The maker’s mark of “T F” with a pellet between the letters is stamped inside an oblong chiselled panel which surrounds the aperture where the blade tang protrudes through the underneath of the guard. On the opposite side a lion rampant is also present inside the panel. One of the pas d’ane rings is stamped with the leopard’s head of the assay office. The other is stamped with a further lion and an indistinct date stamp.
The tapering, hollow ground, stiff, colichemarde, triangular section blade is 31.5 inches (80 cm) long and the overall length of the sword is over 38 inches (96.5 cm). The grip consists of alternate thicknesses of roped silver wire mounted onto a wooden baluster shaped core with silver cap terminals top and bottom engraved with floral designs. The sword retains its original scabbard formed with a wooden core over which a black leather covering has been wrapped. It retains its silver mounts.

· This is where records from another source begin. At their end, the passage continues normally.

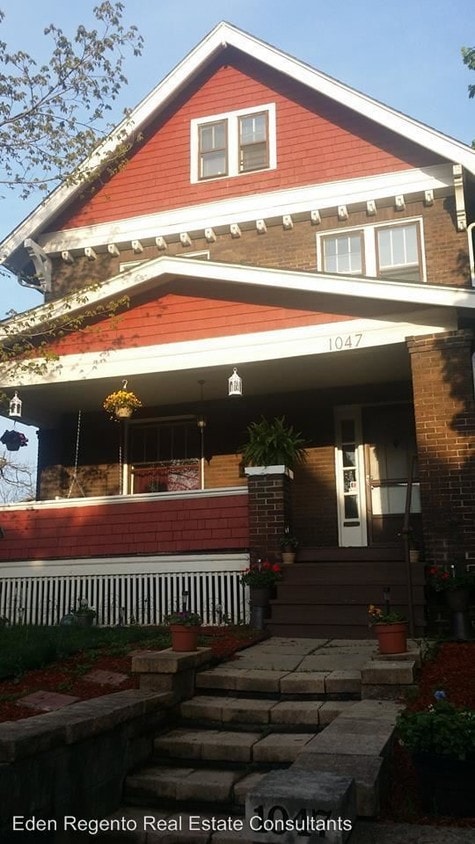 Primary Photo - 1047 Linwood Ave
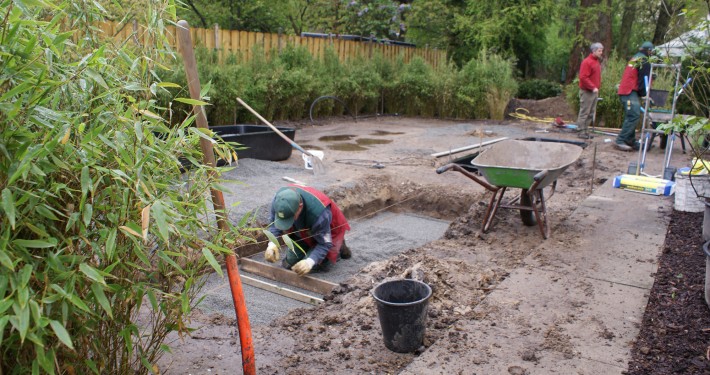 Abziehschiene für das Wasserspiel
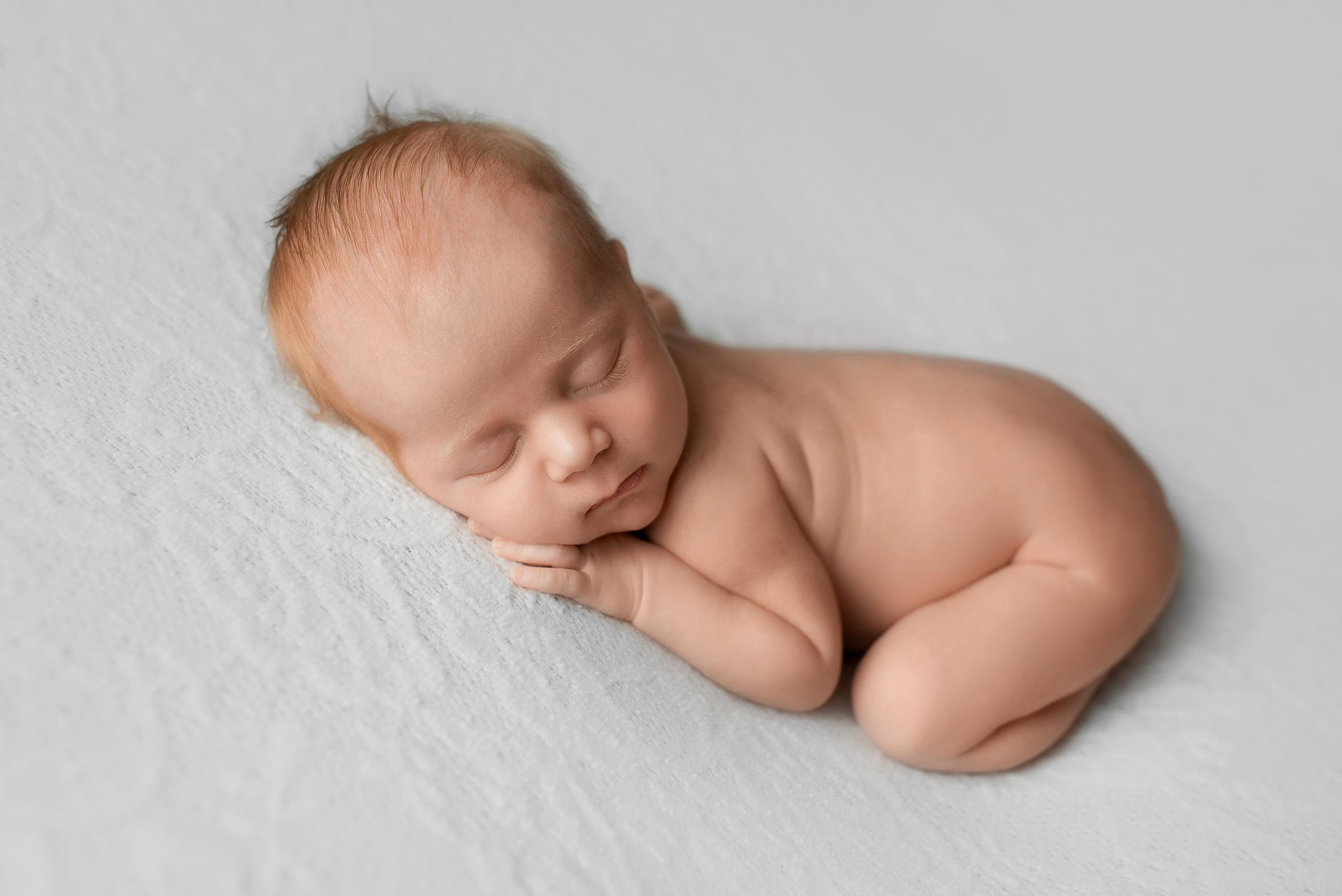 Софья. Фотограф новорожденных в Екатеринбурге Лена Ильина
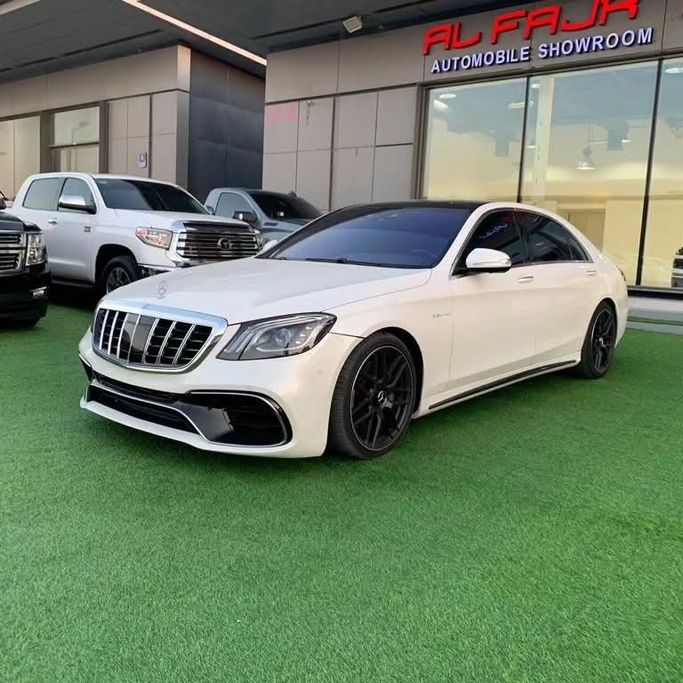 Подержанный Mercedes-Benz S-Class 500 VI (W222, C217), 4.7 л, 2014 в Абу-Даби от Al Fajr Automobile showroom Белый цвет. GCC | AUTO.AE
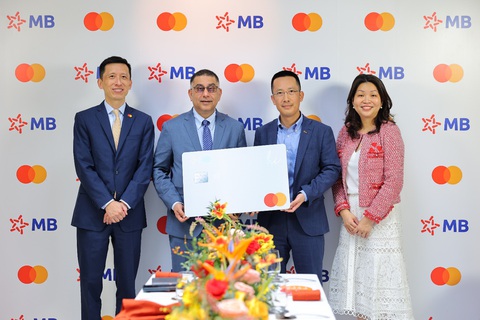 Ngân hàng MB và Mastercard công bố hợp tác chiến lược toàn diện - Ảnh 1. Ngân hàng MB và Mastercard công bố hợp tác chiến lược toàn diện - Ảnh 1.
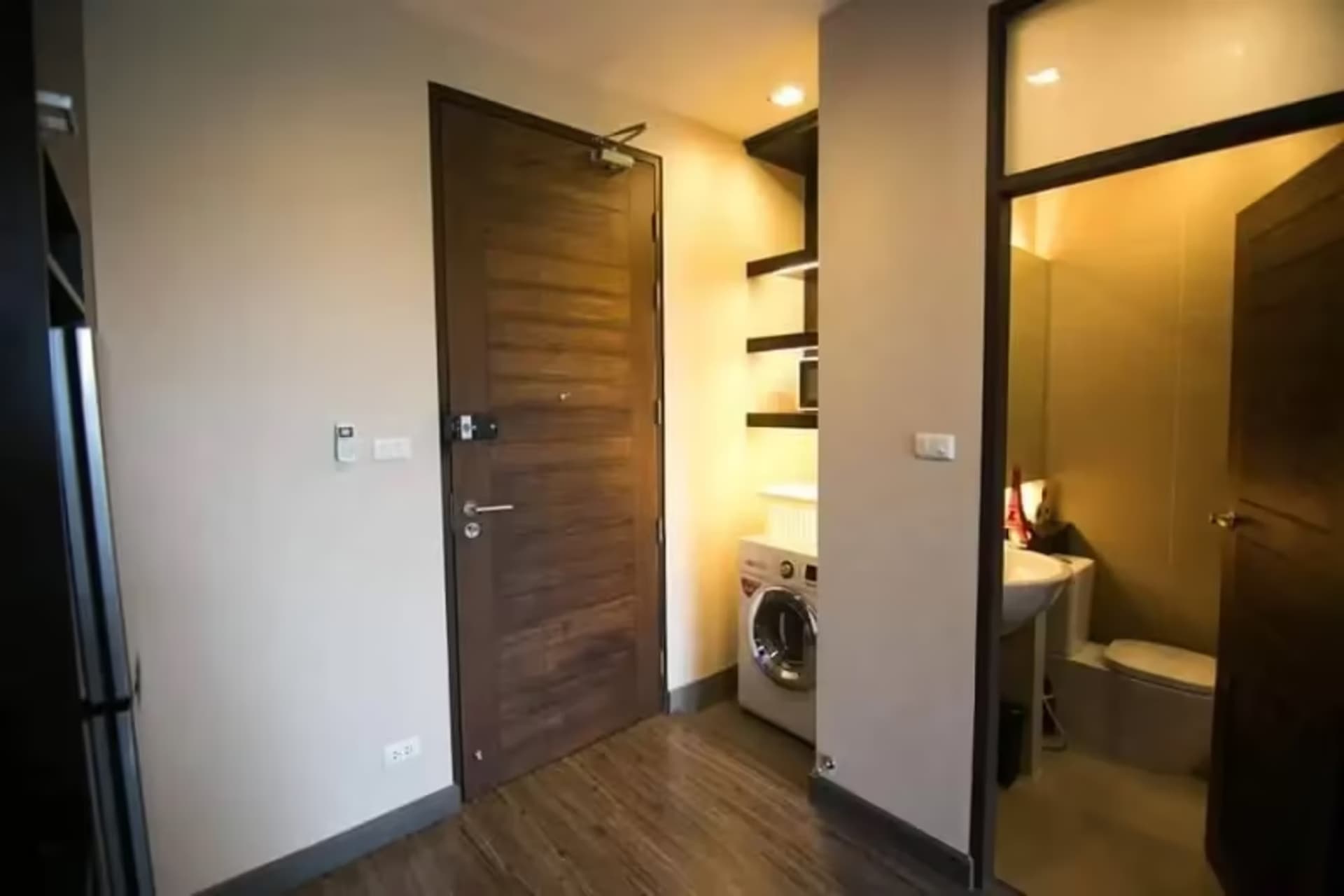 1 Bedroom Condo - Image 8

Silver hilted small swords were fashionable attire for 18th century gentlemen. Mostly worn for effect someone wearing such a sword was also announcing to the world that he was capable of using it. Despite the stylish and delicate appearance of these swords they were formidable duelling weapons. There are no losses or repairs to the hilt which has maintained its original pleasing outline. It is rare to encounter swords of this type with original scabbards.
For further information see “London Silver-Hilted Swords”, their makers, suppliers and allied traders, with directory, by Leslie Southwick, 2001, Royal Armouries, and pages 111-112 for Foster’s biography.